Though unresolved in the end, such a call is to date not even conceived of being mentioned in the wider populace of any country. They as well called for a stop to ‘false solutions like forest carbon offsets and other market based mechanisms that will benefit only those who are making money’ as Tom Goldtooth stated. With grain prices having doubled in the last 2 years, with ethanol consuming 25% of the US grain supply and with 18,000 children dying each day from starvation, we are fast approaching the day when it will be more profitable to put gas in a car than to feed people.
All of this, and Javed Iqbal, a Staten Island resident originally from Pakistan, was sentenced last week to six years in prison for airing an Arabic television channel and Dov Zakheiv, the rabbi who somehow lost 2.6 trillion dollars while working for the Pentagon from ‘01 to ‘04, is writing columns for ’shadowgovernment’ of foreignpolicy.com. Yes, Virginia, there is a racism in the world still.
Wasi’chu
The first people who lived on the northern plains of what today is the United States called themselves “Lakotah,” meaning “the allies,” a word which provides the semantic basis for Dakotah. The first European people to meet the Lakotah called them “Sioux,” a contraction of Nadowessioux, a now-archaic French-Canadian word meaning “snake” or enemy.

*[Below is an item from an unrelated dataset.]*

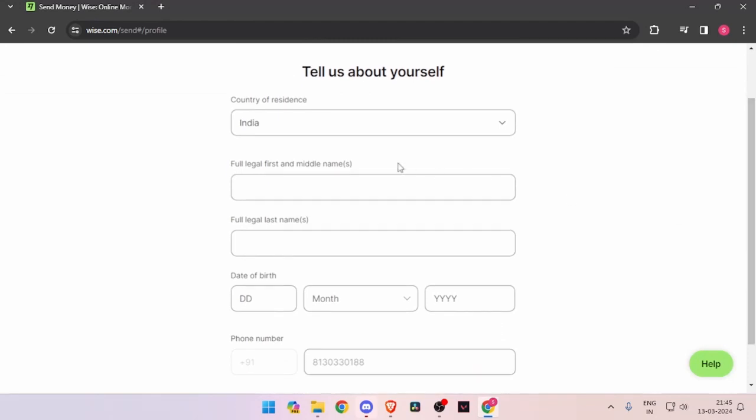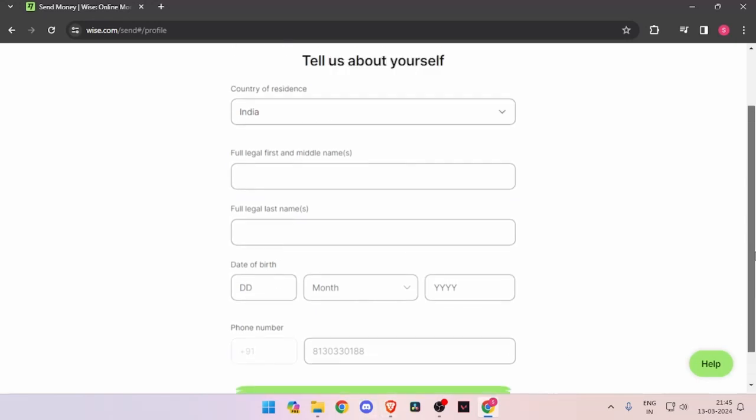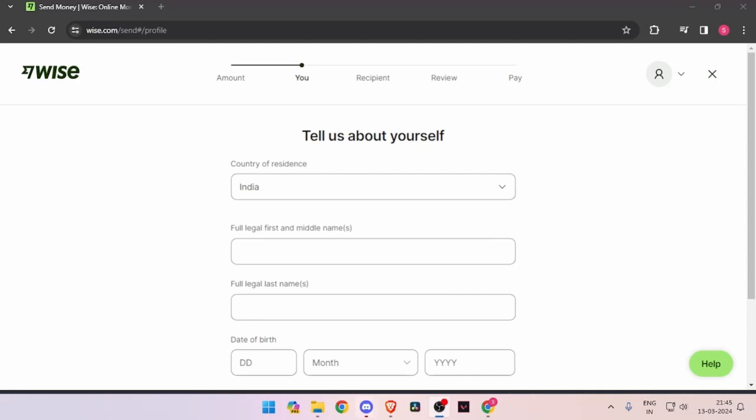It will ask you for details about yourself like your country of residence, full legal name, date of birth, and phone number. Then you have to click on Continue. Now it will ask you for the recipient details. Then you have to review the payment and at last you will be able to pay the amount.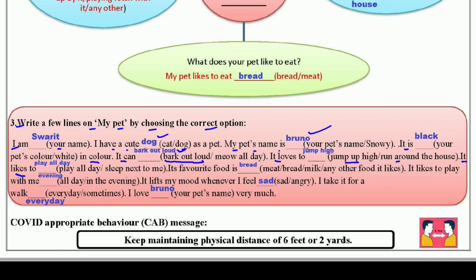پھر: it likes to play all day — اس کو پورے دن کھیلنا پسند ہے — اور sleep next to me یعنی میرے برابر میں سونا بھی پسند ہے۔ اس کے بعد: its favorite food is — آپ کو یہاں لکھنا ہے کہ آپ کے pet کو کیا کھانا پسند ہے۔ میں نے for example 'bread' لکھ دیا۔ آپ meat، bread، milk — جو بھی ہو وہ لکھ سکتے ہیں۔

The Lakotah also used the metaphor to describe the newcomers. It was Wasi’chu, which means “takes the fat,” or “greedy person.” Within the modern Indian movement, Wasi’chu has come to mean those corporations and individuals, with their governmental accomplices, which continue to covet Indian lives, land, and resources for private profit.
Wasi’chu does not describe a race; it describes a state of mind.
Wasi’chu is also a human condition based on inhumanity, racism, and exploitation. It is a sickness, a seemingly incurable and contagious disease which begot the ever advancing society of the West. If we do not control it, this disease will surely be the basis for what may be the last of the continuing wars against the Native American people.